▸ ACTIVITY
In the records below, find the line with "アサヒペン 9017626 NEW水性インテリアカラー屋内カベ0.7L" and repeat it and every line after it, exactly, without any pictures.

▸ Web page caption snippets
╔══

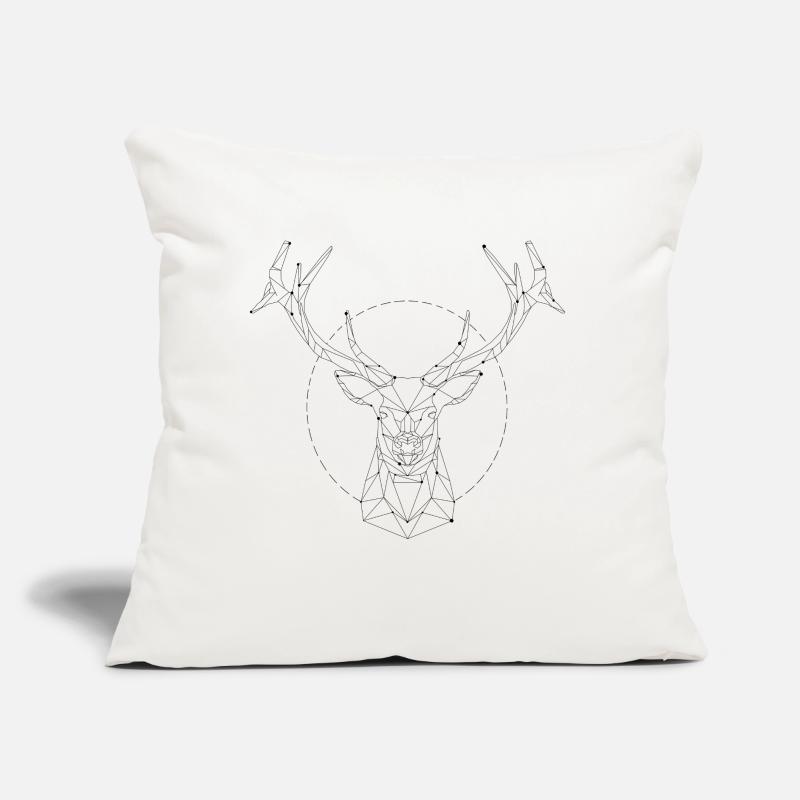 Hirsch Sternbild Sofakissen mit Füllung 45 x 45 cm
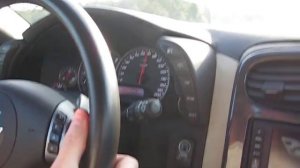 Corvette C6 Convertible acceleration on highway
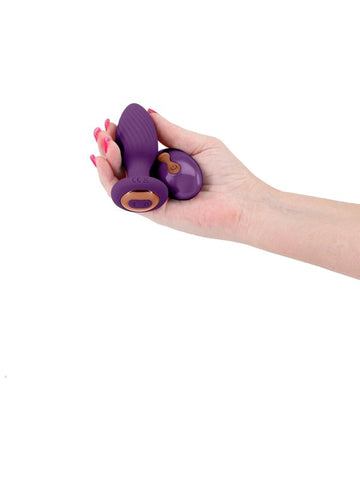 NS Novelties INYA Alpine Rechargeable Gyrating Butt Plug Purple Remote Control - Butt Plugs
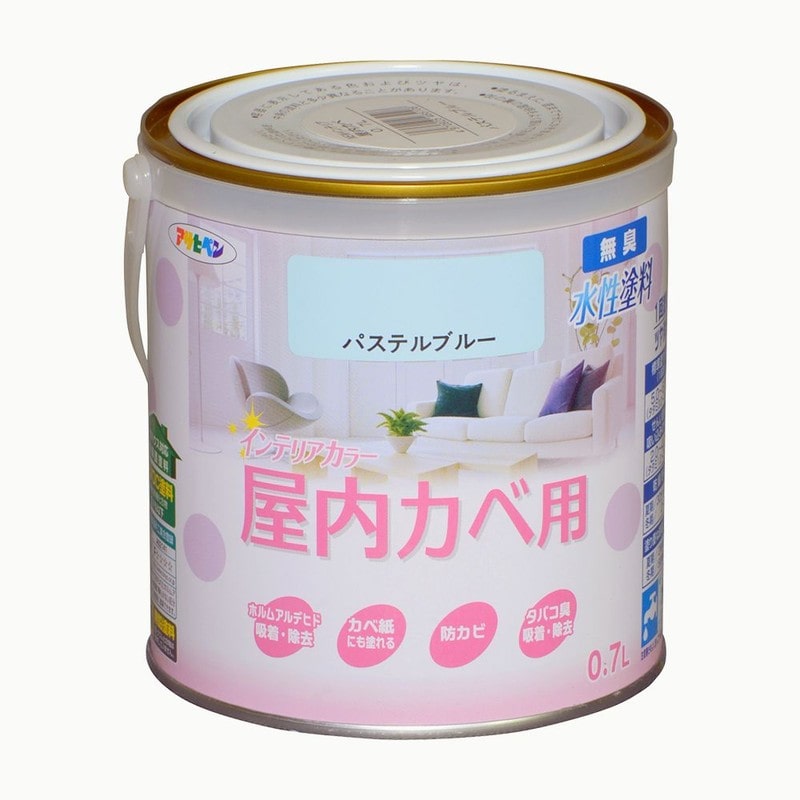 アサヒペン 9017626 NEW水性インテリアカラー屋内カベ0.7L PBL 1個（ご注文単位1個）【直送品】
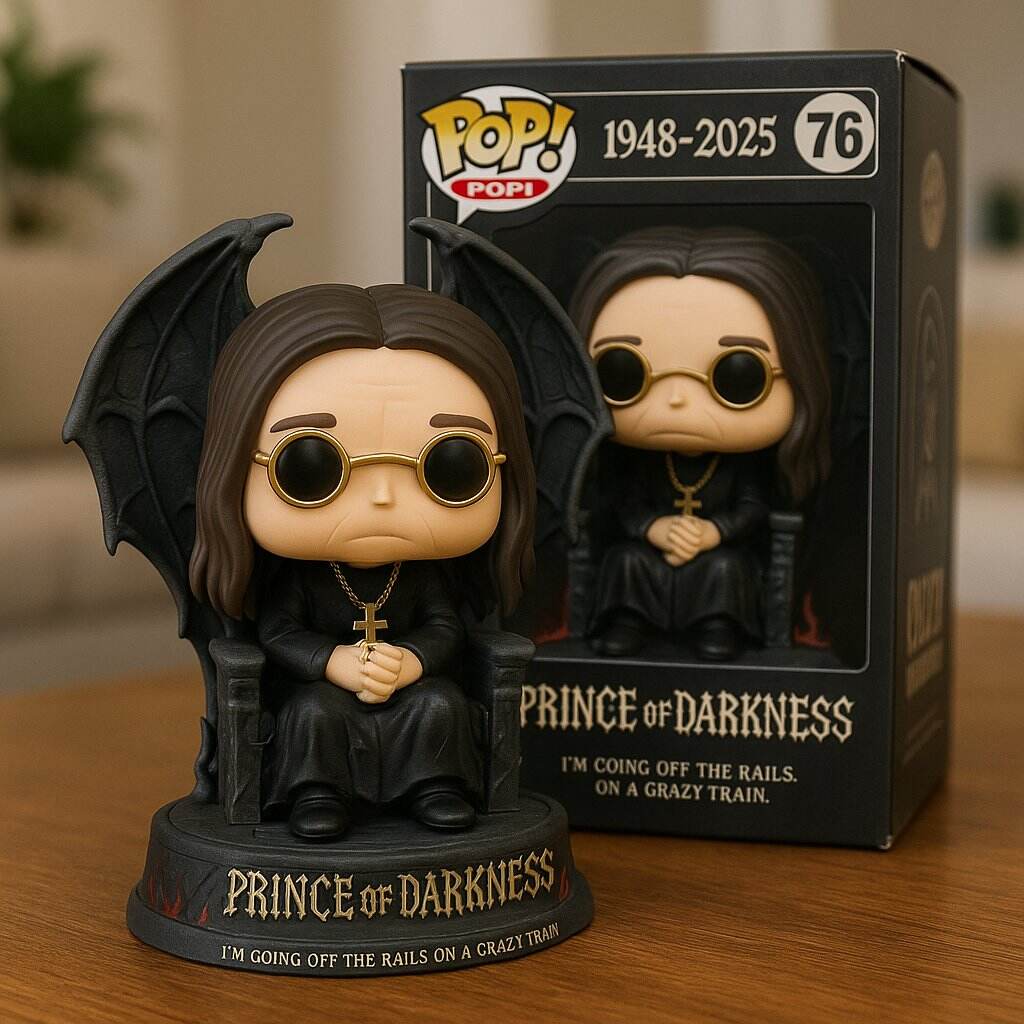 Black Sabbath lead singer Ozzy Osbourne Doll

╚══

▸ ANSWER SECTION
 アサヒペン 9017626 NEW水性インテリアカラー屋内カベ0.7L PBL 1個（ご注文単位1個）【直送品】
 Black Sabbath lead singer Ozzy Osbourne Doll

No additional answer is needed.